Just a few months after its first Director took office in January of 2012, the Consumer Financial Protection Bureau is embarking on a study of arbitration. The CFPB announced on April 24 that it invites the public to send information about “how consumers and financial services companies are affected by arbitration and arbitration clauses,” so that it can eventually determine whether to flex its rule-making muscle.
This request for information does not signal any particular bias of the new Director, Richard Cordray. Instead, it shows the new agency is fulfilling its mandate under the Dodd-Frank Act to study the use of pre-dispute arbitration agreements in the consumer financial arena.
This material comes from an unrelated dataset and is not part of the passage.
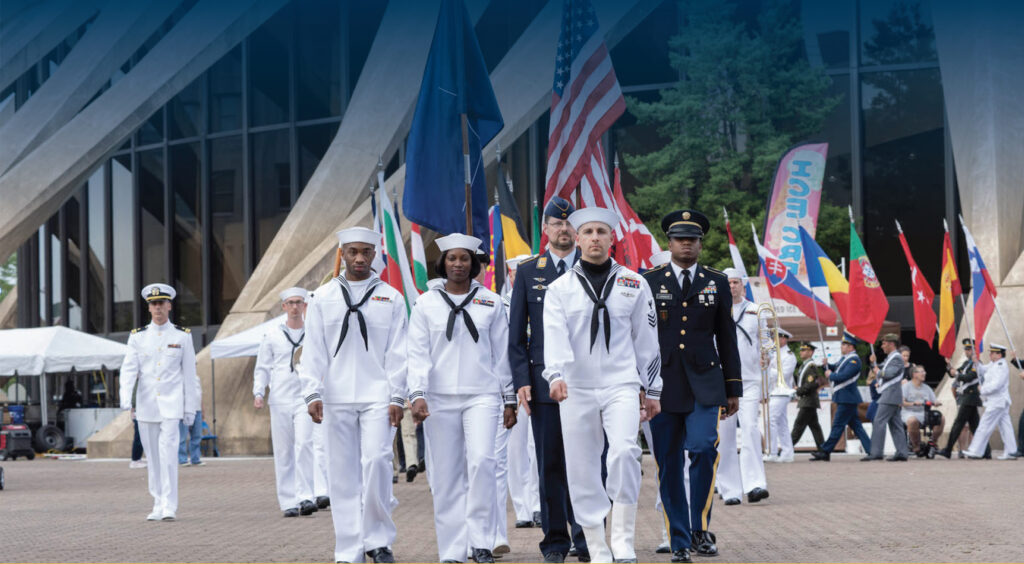 a group of people in navy uniform are walking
The agency, however, is starting its study with the speed of a tortoise and in the style of a professor wearing tortoise shell glasses. Instead of diving right in, the CFPB is holding off its real study while it decides how to choose the questions. For example, it is seeking information about 1) how to assess how prevalent pre-dispute arbitration agreements are in consumer financial agreements; 2) what data it should seek from what sources; and 3) whether it should find out whether consumers who arbitrated disputes against financial services companies were satisfied with the process. (Let me publicly answer that last question: Yes! Of course! Please ask both consumers and companies whether they were satisfied with the process.)
While I am excited about the prospect of this new agency investigating and publicizing important data about consumer arbitrations that is currently inaccessible, the CFPB’s current list of questions makes me wonder whether it is up to the task.